:: SUPPLIED DATA

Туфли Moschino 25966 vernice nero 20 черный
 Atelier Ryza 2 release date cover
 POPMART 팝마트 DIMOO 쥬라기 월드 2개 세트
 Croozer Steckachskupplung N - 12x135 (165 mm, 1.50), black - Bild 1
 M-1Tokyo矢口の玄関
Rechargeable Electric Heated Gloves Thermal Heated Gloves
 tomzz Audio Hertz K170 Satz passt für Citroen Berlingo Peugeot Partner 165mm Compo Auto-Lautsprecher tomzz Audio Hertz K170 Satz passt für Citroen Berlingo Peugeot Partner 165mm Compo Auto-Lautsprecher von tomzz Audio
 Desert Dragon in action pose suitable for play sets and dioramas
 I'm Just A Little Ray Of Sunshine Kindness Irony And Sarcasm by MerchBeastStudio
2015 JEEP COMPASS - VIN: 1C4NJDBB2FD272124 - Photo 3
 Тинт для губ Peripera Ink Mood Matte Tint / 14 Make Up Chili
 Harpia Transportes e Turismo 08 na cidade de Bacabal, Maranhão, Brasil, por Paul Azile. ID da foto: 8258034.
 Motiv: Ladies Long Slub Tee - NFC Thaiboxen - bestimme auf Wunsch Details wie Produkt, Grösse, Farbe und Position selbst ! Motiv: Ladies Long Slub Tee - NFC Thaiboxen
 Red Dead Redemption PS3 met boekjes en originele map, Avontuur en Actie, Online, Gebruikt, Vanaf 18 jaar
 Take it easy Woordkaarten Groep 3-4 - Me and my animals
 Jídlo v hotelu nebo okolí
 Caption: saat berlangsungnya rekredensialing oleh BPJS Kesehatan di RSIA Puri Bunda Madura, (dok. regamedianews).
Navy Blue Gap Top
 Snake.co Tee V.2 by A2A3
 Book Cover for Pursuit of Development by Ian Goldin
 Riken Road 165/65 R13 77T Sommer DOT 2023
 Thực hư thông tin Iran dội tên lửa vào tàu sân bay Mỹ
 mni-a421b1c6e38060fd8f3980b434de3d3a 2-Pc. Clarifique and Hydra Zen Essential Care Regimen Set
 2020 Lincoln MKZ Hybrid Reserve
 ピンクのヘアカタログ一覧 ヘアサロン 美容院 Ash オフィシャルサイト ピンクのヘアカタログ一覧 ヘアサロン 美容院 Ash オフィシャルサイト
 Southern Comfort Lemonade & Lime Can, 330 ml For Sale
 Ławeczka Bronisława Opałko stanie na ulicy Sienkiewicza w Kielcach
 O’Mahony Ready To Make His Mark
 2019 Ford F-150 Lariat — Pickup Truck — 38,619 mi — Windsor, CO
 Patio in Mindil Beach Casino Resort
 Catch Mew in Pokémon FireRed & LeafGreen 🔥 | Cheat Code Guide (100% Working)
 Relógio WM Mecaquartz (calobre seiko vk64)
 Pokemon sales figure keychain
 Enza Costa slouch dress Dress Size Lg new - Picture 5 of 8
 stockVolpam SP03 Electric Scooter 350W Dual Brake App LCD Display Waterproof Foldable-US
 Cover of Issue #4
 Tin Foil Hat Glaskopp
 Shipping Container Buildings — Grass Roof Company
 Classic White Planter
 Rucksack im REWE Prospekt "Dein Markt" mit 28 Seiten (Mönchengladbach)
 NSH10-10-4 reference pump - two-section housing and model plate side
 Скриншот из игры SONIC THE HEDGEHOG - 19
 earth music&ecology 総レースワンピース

::::

**WHAT TO WORK ON**
Your task is to retype the complete material exactly as it was given.

**TASK SOLUTION**
Туфли Moschino 25966 vernice nero 20 черный
 Atelier Ryza 2 release date cover
 POPMART 팝마트 DIMOO 쥬라기 월드 2개 세트
 Croozer Steckachskupplung N - 12x135 (165 mm, 1.50), black - Bild 1
 M-1Tokyo矢口の玄関
Rechargeable Electric Heated Gloves Thermal Heated Gloves
 tomzz Audio Hertz K170 Satz passt für Citroen Berlingo Peugeot Partner 165mm Compo Auto-Lautsprecher tomzz Audio Hertz K170 Satz passt für Citroen Berlingo Peugeot Partner 165mm Compo Auto-Lautsprecher von tomzz Audio
 Desert Dragon in action pose suitable for play sets and dioramas
 I'm Just A Little Ray Of Sunshine Kindness Irony And Sarcasm by MerchBeastStudio
2015 JEEP COMPASS - VIN: 1C4NJDBB2FD272124 - Photo 3
 Тинт для губ Peripera Ink Mood Matte Tint / 14 Make Up Chili
 Harpia Transportes e Turismo 08 na cidade de Bacabal, Maranhão, Brasil, por Paul Azile. ID da foto: 8258034.
 Motiv: Ladies Long Slub Tee - NFC Thaiboxen - bestimme auf Wunsch Details wie Produkt, Grösse, Farbe und Position selbst ! Motiv: Ladies Long Slub Tee - NFC Thaiboxen
 Red Dead Redemption PS3 met boekjes en originele map, Avontuur en Actie, Online, Gebruikt, Vanaf 18 jaar
 Take it easy Woordkaarten Groep 3-4 - Me and my animals
 Jídlo v hotelu nebo okolí
 Caption: saat berlangsungnya rekredensialing oleh BPJS Kesehatan di RSIA Puri Bunda Madura, (dok. regamedianews).
Navy Blue Gap Top
 Snake.co Tee V.2 by A2A3
 Book Cover for Pursuit of Development by Ian Goldin
 Riken Road 165/65 R13 77T Sommer DOT 2023
 Thực hư thông tin Iran dội tên lửa vào tàu sân bay Mỹ
 mni-a421b1c6e38060fd8f3980b434de3d3a 2-Pc. Clarifique and Hydra Zen Essential Care Regimen Set
 2020 Lincoln MKZ Hybrid Reserve
 ピンクのヘアカタログ一覧 ヘアサロン 美容院 Ash オフィシャルサイト ピンクのヘアカタログ一覧 ヘアサロン 美容院 Ash オフィシャルサイト
 Southern Comfort Lemonade & Lime Can, 330 ml For Sale
 Ławeczka Bronisława Opałko stanie na ulicy Sienkiewicza w Kielcach
 O’Mahony Ready To Make His Mark
 2019 Ford F-150 Lariat — Pickup Truck — 38,619 mi — Windsor, CO
 Patio in Mindil Beach Casino Resort
 Catch Mew in Pokémon FireRed & LeafGreen 🔥 | Cheat Code Guide (100% Working)
 Relógio WM Mecaquartz (calobre seiko vk64)
 Pokemon sales figure keychain
 Enza Costa slouch dress Dress Size Lg new - Picture 5 of 8
 stockVolpam SP03 Electric Scooter 350W Dual Brake App LCD Display Waterproof Foldable-US
 Cover of Issue #4
 Tin Foil Hat Glaskopp
 Shipping Container Buildings — Grass Roof Company
 Classic White Planter
 Rucksack im REWE Prospekt "Dein Markt" mit 28 Seiten (Mönchengladbach)
 NSH10-10-4 reference pump - two-section housing and model plate side
 Скриншот из игры SONIC THE HEDGEHOG - 19
 earth music&ecology 総レースワンピース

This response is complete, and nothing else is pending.